Com o bisavô e o avô nascidos e criados em Oliveira do Hospital, desde outubro passado que Paulo Costa, 35 anos, anda num vaivém, entre a Sobreda, na Margem Sul de Lisboa, e Oliveira do Hospital. As viagens fazem-se para entregar às pessoas que perderam os seus animais nos incêndios novos exemplares de várias espécies. Há cinco meses que este vendedor de peixe no mercado da Sobreda anda a angariar dinheiro, através da venda de rifas, 300 blocos de cem rifas distribuídas até na comunidade portuguesa imigrante, da qual resultarão um total de 30 mil euros. Em novembro passado entregou os primeiros 80 animais. Desta vez, no passado domingo, 11, na Festa do Queijo, em Oliveira do Hospital, entregou 12 cabras murcianas, 2 burros mirandeses, 50 patos, 100 galinhas e 60 pintos. Num site de venda de usados, Paulo Costa procurou “animais de quinta” e lá conseguiu quem entregasse os animais na feira. Pagou €6 por cada galinha adulta e poedeira, €80 por cabra, mais de €100 por cada ovelha bordaleira e €500 cada burro mirandês, e “bem negociado”.
Com a ajuda das juntas de freguesias, Paulo Costa conseguiu chegar à lista de pessoas registadas que ficaram sem os seus animais. “É impossível repor a quantidade perdida”, diz, mas sente-se orgulhoso por ter conseguido ajudar cerca de 50 pessoas que tinham perdido uma fonte de subsistência, para muitos a única.

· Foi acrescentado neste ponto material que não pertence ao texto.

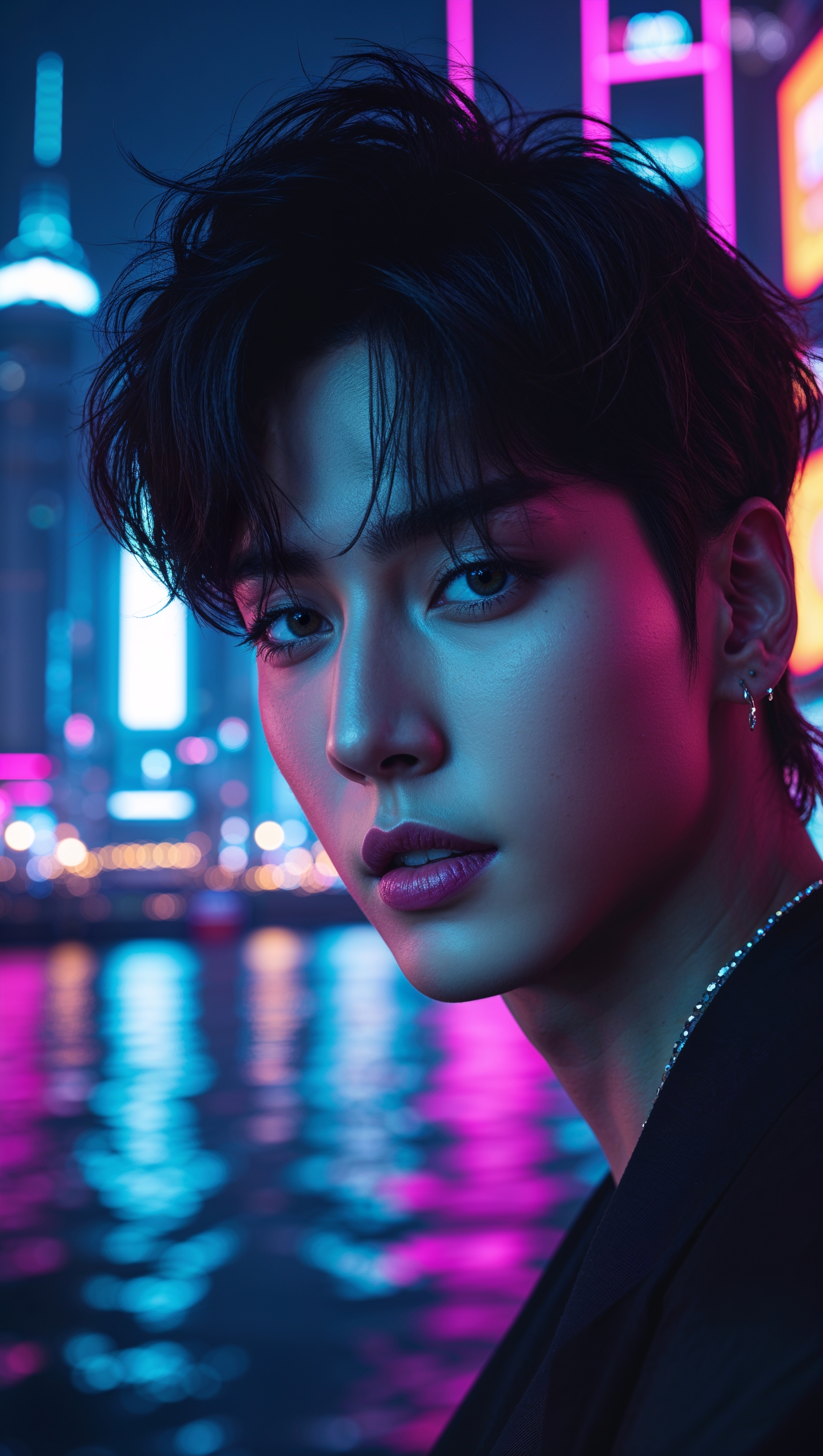 Design an iPhone wallpaper with Jungkook's face against a city night background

A Feira do Queijo, que contou com a presença do Presidente da República, Marcelo Rebelo de Sousa, é um dos principais locais de divulgação e venda do queijo Serra da Estrela com certificação DOP (Denominação de Origem Protegida). Em outubro, com a morte de mais de oito mil animais, na sua maioria bordaleiras, nos 18 concelhos da Região Demarcada do queijo da Serra da Estrela, houve uma quebra de um terço na produção leiteira. Já antes da catástrofe dos incêndios, a ANCOSE – Associação Nacional de Criadores de Ovinos da Serra da Estrela tinha projetado um Centro de Recria, em Oliveira do Hospital, na tentativa de proteger as raças autóctones (churra mondegueira e bordaleira) e de repovoar a região com animais. Nos últimos quatro a cinco anos, com cada vez menos pessoas dedicadas ao pastoreio, houve uma diminuição do número de animais, passando de 120 mil para 80 mil. Os incêndios só vieram acelerar o processo, e com o apoio financeiro, principalmente, do grupo Jerónimo Martins, que doou cerca de 50 mil euros, a ANCOSE pôs em prática o plano. Comprou aos produtores locais 400 borregas, entre os 45 e os 60 dias, por €70 cada uma e levou-as para o Centro de Recria onde ficam quatro a cinco meses para serem tratadas, desparasitadas, acompanhadas clinicamente e depois identificadas e dadas aos pastores. A distribuição irá acontecer em abril e as pessoas terão de esperar mais três ou quatro meses até as borregas estarem prontas. “Só em julho, o pastor ‘deita o carneiro às malatas’, expressão da gíria pastorícia, para elas criarem. Em setembro do próximo ano poderão parir pela primeira vez”, explica Manuel Marques, presidente da direção da ANCOSE, que reclama a falta de cinco mil ovelhas bordaleiras para o queijo Serra da Estrela recuperar a sua produção.